Под подписью была врезка с хроникой прошлого картины. Я завороженно читал:
«La Cléde Vair» («Меховой ключ») Ла Тура почти наверное был написан в начале 1640-х годов, на что ясно указывают два момента. Во-первых, на полотне есть подпись художника (по-латыни) у левого края, тогда как нам уже известно, что ни на одном из ранних полотен Ла Тура подписи нет. Во-вторых, пусть она и не столь яркий пример того, чего он позднее достиг в этом жанре, картина, без всякого сомнения, принадлежит к таинственной серии «ночных полотен», начатой, как принято считать, «Уплатой долга», ныне находящейся во Львовском музее.

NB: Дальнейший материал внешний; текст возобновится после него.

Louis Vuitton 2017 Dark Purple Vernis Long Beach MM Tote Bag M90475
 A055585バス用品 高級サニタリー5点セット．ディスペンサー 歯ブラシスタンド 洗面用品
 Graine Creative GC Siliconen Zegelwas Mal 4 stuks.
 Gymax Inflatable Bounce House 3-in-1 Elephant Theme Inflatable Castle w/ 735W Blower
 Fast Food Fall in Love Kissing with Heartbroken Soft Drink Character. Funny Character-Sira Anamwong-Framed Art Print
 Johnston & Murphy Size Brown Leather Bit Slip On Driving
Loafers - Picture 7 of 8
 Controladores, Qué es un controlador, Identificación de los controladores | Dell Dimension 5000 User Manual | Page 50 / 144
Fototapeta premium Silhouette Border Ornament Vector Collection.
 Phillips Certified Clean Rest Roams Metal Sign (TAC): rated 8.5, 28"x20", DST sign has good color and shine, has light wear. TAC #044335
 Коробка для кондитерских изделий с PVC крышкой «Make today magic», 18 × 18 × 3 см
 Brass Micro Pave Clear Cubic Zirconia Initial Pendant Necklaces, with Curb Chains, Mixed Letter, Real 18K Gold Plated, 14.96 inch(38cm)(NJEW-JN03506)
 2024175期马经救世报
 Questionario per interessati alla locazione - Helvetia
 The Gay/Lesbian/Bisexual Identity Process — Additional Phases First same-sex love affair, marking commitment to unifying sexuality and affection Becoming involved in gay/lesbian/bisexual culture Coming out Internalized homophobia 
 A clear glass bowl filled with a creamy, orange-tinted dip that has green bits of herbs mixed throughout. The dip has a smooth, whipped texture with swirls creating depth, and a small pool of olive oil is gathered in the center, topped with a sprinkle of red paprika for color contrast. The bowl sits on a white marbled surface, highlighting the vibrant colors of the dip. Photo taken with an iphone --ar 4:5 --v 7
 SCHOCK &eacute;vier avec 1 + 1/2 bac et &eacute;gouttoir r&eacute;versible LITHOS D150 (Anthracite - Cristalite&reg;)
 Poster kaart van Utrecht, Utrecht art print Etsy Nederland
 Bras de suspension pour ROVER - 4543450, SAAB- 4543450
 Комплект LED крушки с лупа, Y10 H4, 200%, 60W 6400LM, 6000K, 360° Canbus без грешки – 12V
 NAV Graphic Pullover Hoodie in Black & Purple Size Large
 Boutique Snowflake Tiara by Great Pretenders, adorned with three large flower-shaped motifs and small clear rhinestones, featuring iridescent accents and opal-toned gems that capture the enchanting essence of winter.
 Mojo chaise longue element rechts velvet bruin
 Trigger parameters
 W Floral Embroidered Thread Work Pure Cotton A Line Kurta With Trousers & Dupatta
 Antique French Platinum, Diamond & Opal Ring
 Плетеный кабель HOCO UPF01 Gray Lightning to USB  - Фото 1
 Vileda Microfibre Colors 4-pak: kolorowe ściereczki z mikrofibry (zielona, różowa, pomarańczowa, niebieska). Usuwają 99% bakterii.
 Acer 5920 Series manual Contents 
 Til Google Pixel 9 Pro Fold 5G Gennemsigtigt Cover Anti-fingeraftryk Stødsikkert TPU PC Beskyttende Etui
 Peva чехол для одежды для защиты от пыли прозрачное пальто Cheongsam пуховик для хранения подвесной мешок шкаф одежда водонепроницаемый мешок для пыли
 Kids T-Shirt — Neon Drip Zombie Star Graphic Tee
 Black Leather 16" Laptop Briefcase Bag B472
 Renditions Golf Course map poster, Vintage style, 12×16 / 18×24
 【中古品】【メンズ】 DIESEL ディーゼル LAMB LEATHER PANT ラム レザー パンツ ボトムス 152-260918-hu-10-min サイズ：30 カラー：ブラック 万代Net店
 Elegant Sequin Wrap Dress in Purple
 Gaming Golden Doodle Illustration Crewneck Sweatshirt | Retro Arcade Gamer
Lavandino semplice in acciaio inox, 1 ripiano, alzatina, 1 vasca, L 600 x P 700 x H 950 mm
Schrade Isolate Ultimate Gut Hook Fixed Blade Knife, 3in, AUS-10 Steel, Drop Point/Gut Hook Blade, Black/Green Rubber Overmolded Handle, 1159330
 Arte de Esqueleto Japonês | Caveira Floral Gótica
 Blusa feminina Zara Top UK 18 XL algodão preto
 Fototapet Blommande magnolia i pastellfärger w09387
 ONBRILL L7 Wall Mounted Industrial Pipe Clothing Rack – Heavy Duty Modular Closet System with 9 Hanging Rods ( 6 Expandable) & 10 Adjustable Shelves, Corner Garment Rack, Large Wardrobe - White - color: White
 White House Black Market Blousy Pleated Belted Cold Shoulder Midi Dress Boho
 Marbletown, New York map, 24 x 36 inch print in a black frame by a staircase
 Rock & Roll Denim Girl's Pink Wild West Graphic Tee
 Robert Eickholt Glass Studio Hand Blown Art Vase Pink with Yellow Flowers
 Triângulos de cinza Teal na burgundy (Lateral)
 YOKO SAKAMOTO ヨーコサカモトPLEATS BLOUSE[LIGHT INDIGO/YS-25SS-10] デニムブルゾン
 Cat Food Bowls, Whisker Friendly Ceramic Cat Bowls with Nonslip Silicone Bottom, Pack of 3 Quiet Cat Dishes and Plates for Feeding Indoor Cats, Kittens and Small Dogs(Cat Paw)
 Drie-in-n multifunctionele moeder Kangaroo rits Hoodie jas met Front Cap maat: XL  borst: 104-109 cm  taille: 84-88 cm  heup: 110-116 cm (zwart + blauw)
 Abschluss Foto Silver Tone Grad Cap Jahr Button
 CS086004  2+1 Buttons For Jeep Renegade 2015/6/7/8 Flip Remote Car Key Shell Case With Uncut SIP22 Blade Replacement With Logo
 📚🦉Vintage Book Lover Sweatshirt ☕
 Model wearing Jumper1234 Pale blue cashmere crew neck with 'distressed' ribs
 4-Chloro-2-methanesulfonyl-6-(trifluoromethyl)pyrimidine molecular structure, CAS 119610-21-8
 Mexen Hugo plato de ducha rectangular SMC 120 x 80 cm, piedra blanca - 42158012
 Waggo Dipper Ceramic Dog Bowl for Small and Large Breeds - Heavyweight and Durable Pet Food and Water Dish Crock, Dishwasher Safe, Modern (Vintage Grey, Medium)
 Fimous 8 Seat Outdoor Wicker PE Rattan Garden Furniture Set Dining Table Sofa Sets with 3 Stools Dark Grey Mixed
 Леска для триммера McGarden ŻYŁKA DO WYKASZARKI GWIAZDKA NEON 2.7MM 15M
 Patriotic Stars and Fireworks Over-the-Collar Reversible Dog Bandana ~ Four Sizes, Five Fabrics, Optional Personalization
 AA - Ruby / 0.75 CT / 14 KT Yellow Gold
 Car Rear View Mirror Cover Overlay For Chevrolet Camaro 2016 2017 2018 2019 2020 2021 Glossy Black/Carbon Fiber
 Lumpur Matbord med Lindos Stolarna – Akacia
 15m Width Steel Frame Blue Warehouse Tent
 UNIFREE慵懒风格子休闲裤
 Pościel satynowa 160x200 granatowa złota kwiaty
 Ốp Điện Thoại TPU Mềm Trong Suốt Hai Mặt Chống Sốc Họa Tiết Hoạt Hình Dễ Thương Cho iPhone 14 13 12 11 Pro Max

Бесспорно, датировка более позднего полотна всегда оставалась интригующим вопросом, поскольку рядом с подписью поставлена дата, но разобрать возможно только две первые цифры «16», а потому датировка, предложенная советским историком искусства и преданным поклонником Ла Тура Юрием Золотовым 16(41) или 16(42), остается открытым вопросом. Тем не менее картина настолько явно сходна с «Уплатой долга» стилем, техникой и композицией, что «La Cléde Vair» либо непосредственно предшествовала этому полотну, либо, что вероятнее, была написана не позднее чем через год или два.
О происхождении картины не известно ничего (то есть кто заказал ее и, учитывая неясность иконографии, зачем), и первые следы ее существования мы находим в начале XIX века в государственном архиве, где она упоминалась в описании коллекции Ивана Домского (1761–1829), московского вельможи, который, насколько известно, затем подарил эту картину в 1824 году Любомирскому музею в Санкт-Петербурге (где одно время находилась и «Уплата долга»). Хотя к имени художника он был равнодушен — он нигде его не называет, — Тургенев упоминает (к сожалению, мимоходом) ее в двух критических эссе о живописи, которые он написал в 1880-х годах; таким образом, мы можем предположить, что скорее всего она находилась в этом музее до революции 1917 года. Однако с этого момента никаких зафиксированных упоминаний о «La Cléde Vair» в России — или, разумеется, в Советском Союзе, как она начала затем называться, — больше нет, как и дальнейших подтверждений самого существования картины вплоть до 1937 года, того года, когда была сделана данная фотография.